* WHAT TO PRODUCE *
Each line of the data must reappear exactly in your answer, with no images included.

* GIVEN DATA *
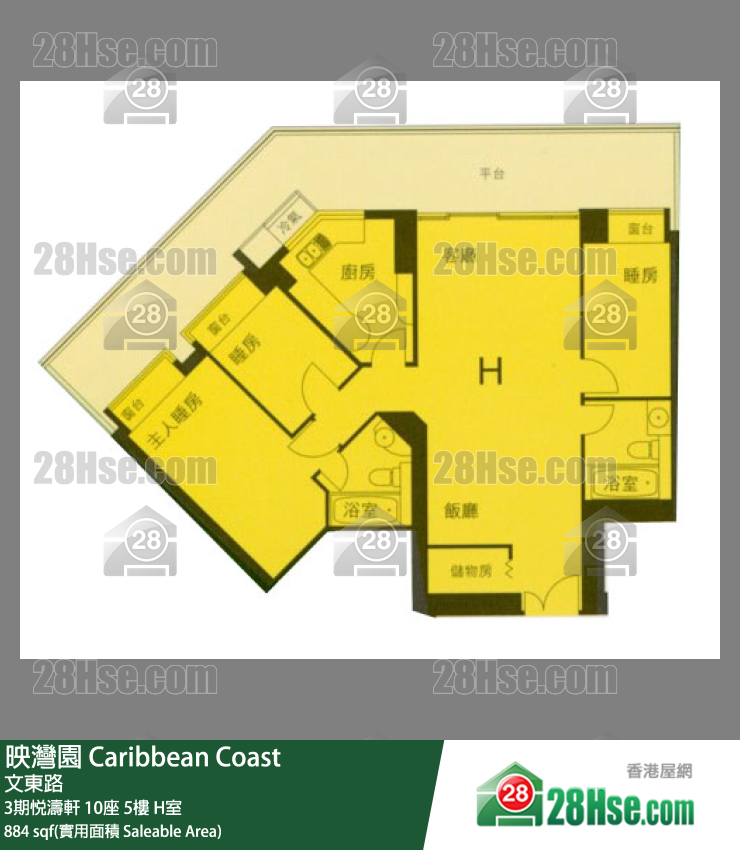映灣園 3期悅濤軒10座5樓 H室 平面圖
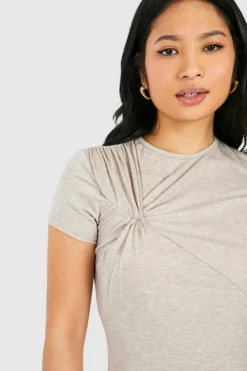 T-Shirt Dresses|Shirt Dresses*boohoo Petite Twist Detail Tshirt Dress oatmeal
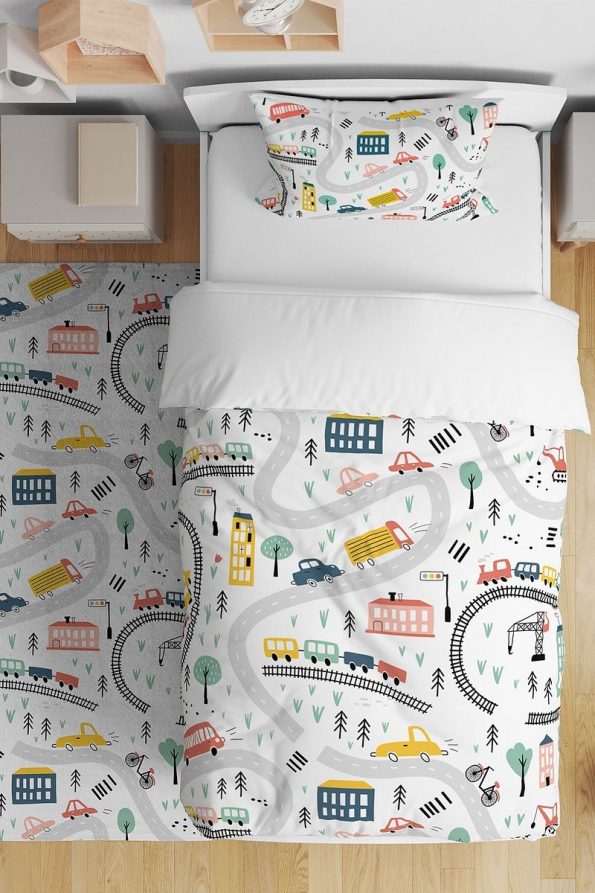 Evpanya White City Traffic Pattern Twin Bedding Set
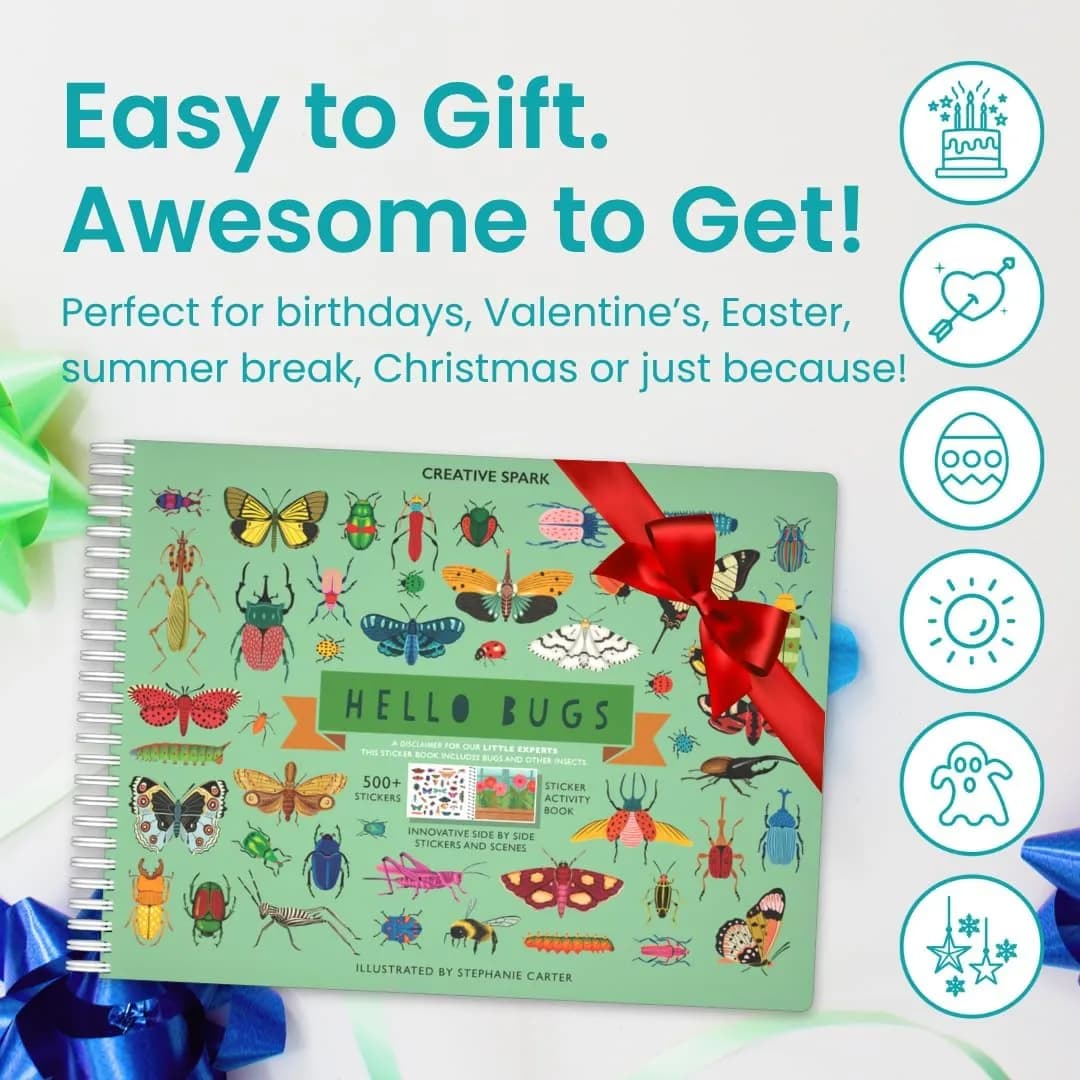 Cupkin Hello Bugs Sticker Book Activity for Kids | 500+ Stickers, 12 Scenes, 12 Coloring Pages - view 7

* FINISHED TASK *
映灣園 3期悅濤軒10座5樓 H室 平面圖
 T-Shirt Dresses|Shirt Dresses*boohoo Petite Twist Detail Tshirt Dress oatmeal
 Evpanya White City Traffic Pattern Twin Bedding Set
 Cupkin Hello Bugs Sticker Book Activity for Kids | 500+ Stickers, 12 Scenes, 12 Coloring Pages - view 7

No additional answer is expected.